**WORK ITEM**
Return, from the material below, each line in which the word "will" is present.

::::::

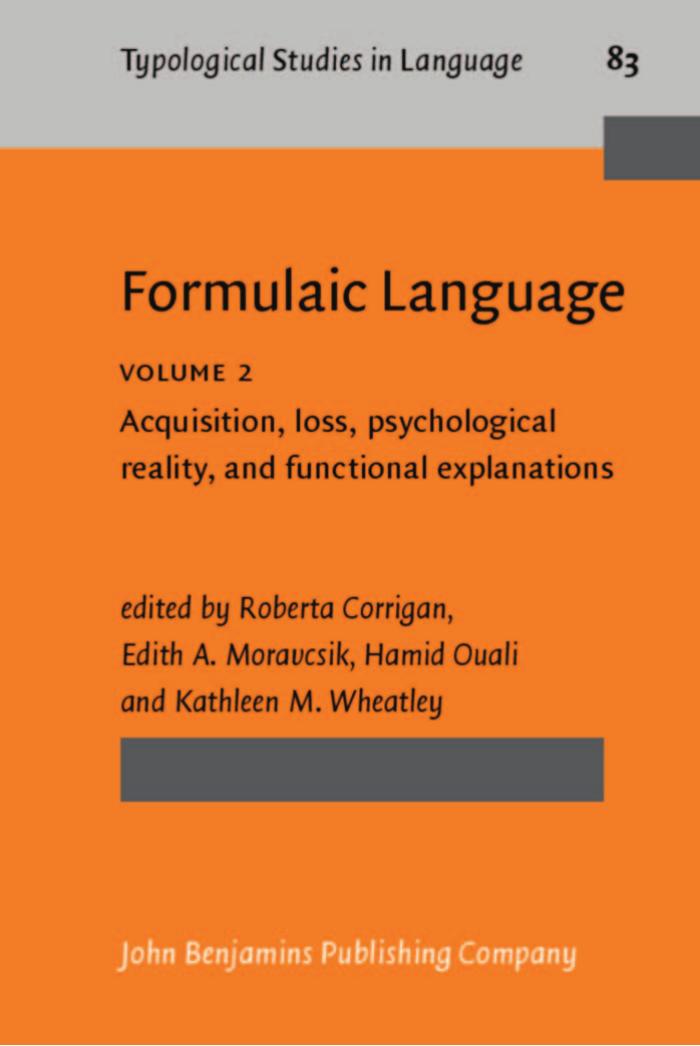 Formulaic Language: Acquisition, loss, psychological reality, and functional explanations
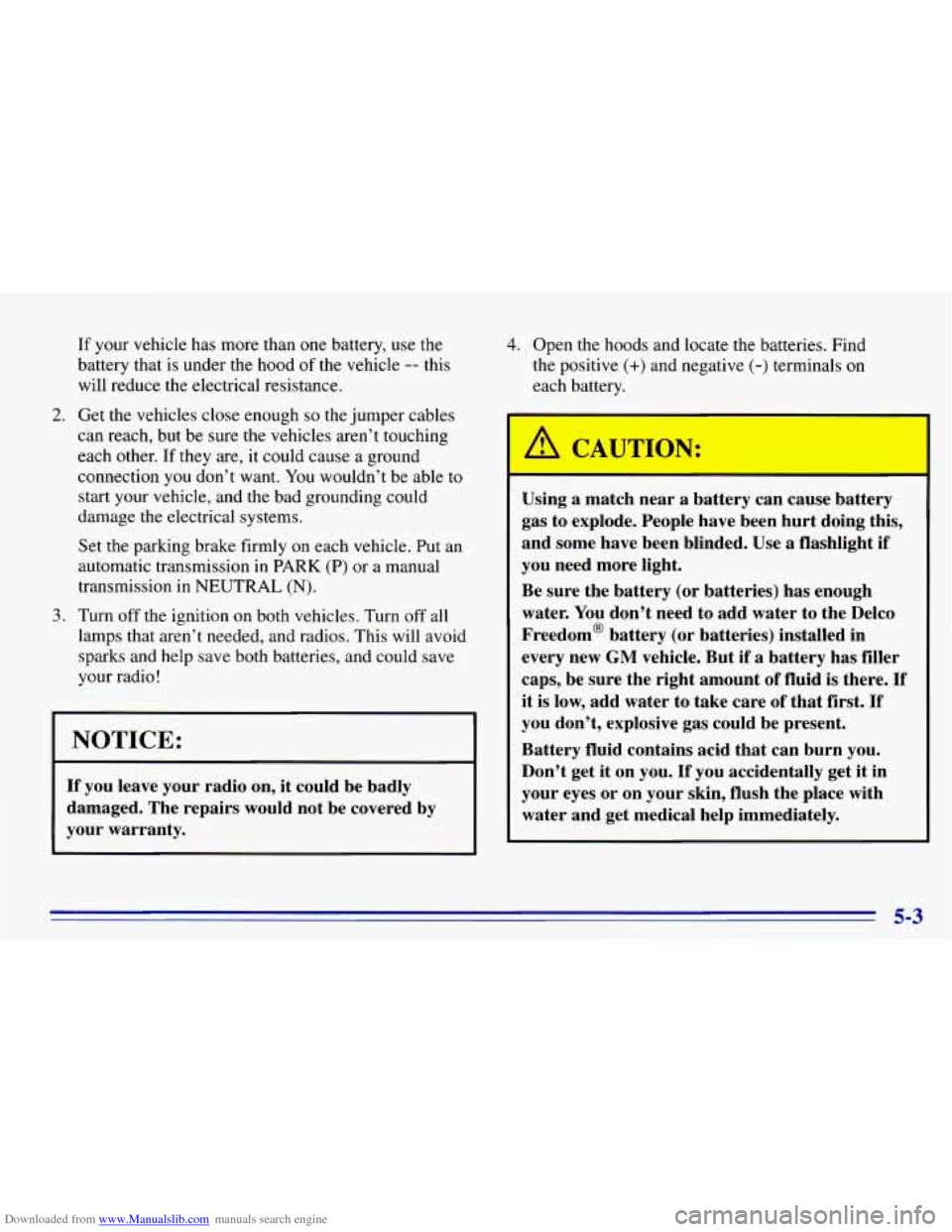 CHEVROLET EXPRESS 1996 1.G Owners Manual Downloaded from www.Manualslib.com manuals search engine If your vehicle has more than one battery, use the
battery that is under the hood
of the vehicle -- this
will reduce the electrical re CHEVROLET EXPRESS 1996 1.G Owners Manual Downloaded from www.Manualslib.com manuals search engine If your vehicle has more than one battery, use the
battery that is under the hood
of the vehicle -- this
will reduce the electrical re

::::::

**RESULT FOR THIS TASK**
will reduce the electrical re CHEVROLET EXPRESS 1996 1.G Owners Manual Downloaded from www.Manualslib.com manuals search engine If your vehicle has more than one battery, use the
will reduce the electrical re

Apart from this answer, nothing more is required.